* [Listed records]

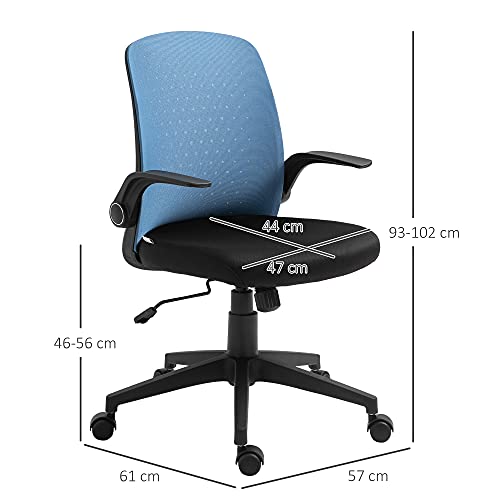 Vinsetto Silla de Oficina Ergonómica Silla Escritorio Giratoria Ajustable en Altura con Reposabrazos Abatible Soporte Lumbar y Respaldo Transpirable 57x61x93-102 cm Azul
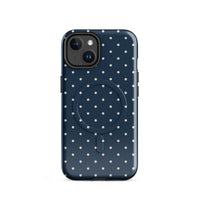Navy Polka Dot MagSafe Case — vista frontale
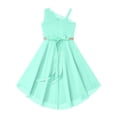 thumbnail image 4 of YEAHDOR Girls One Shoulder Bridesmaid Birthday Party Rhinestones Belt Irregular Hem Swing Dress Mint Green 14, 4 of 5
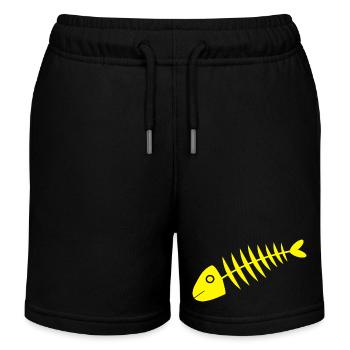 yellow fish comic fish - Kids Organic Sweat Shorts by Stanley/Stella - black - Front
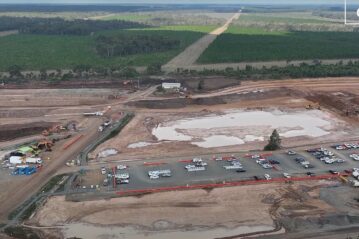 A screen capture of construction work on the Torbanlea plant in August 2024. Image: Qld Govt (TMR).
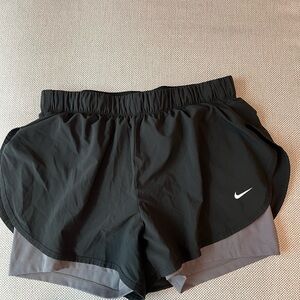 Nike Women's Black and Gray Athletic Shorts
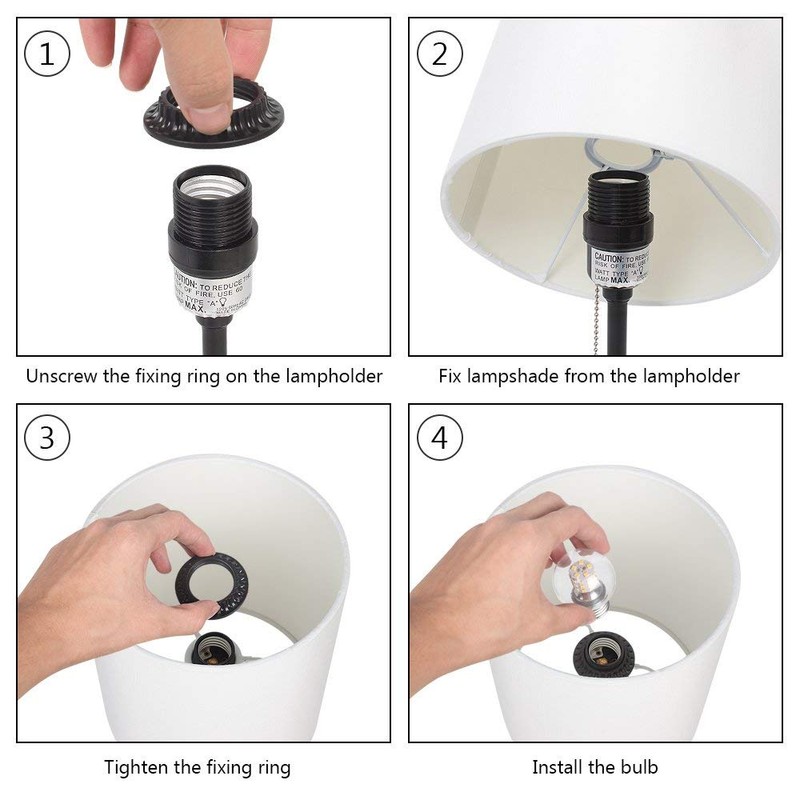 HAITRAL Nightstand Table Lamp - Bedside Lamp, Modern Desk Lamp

* [Problem details] Write the records out again in full, exactly, and skip every picture.

* [Solution]
 Vinsetto Silla de Oficina Ergonómica Silla Escritorio Giratoria Ajustable en Altura con Reposabrazos Abatible Soporte Lumbar y Respaldo Transpirable 57x61x93-102 cm Azul
Navy Polka Dot MagSafe Case — vista frontale
 thumbnail image 4 of YEAHDOR Girls One Shoulder Bridesmaid Birthday Party Rhinestones Belt Irregular Hem Swing Dress Mint Green 14, 4 of 5
 yellow fish comic fish - Kids Organic Sweat Shorts by Stanley/Stella - black - Front
 A screen capture of construction work on the Torbanlea plant in August 2024. Image: Qld Govt (TMR).
 Nike Women's Black and Gray Athletic Shorts
 HAITRAL Nightstand Table Lamp - Bedside Lamp, Modern Desk Lamp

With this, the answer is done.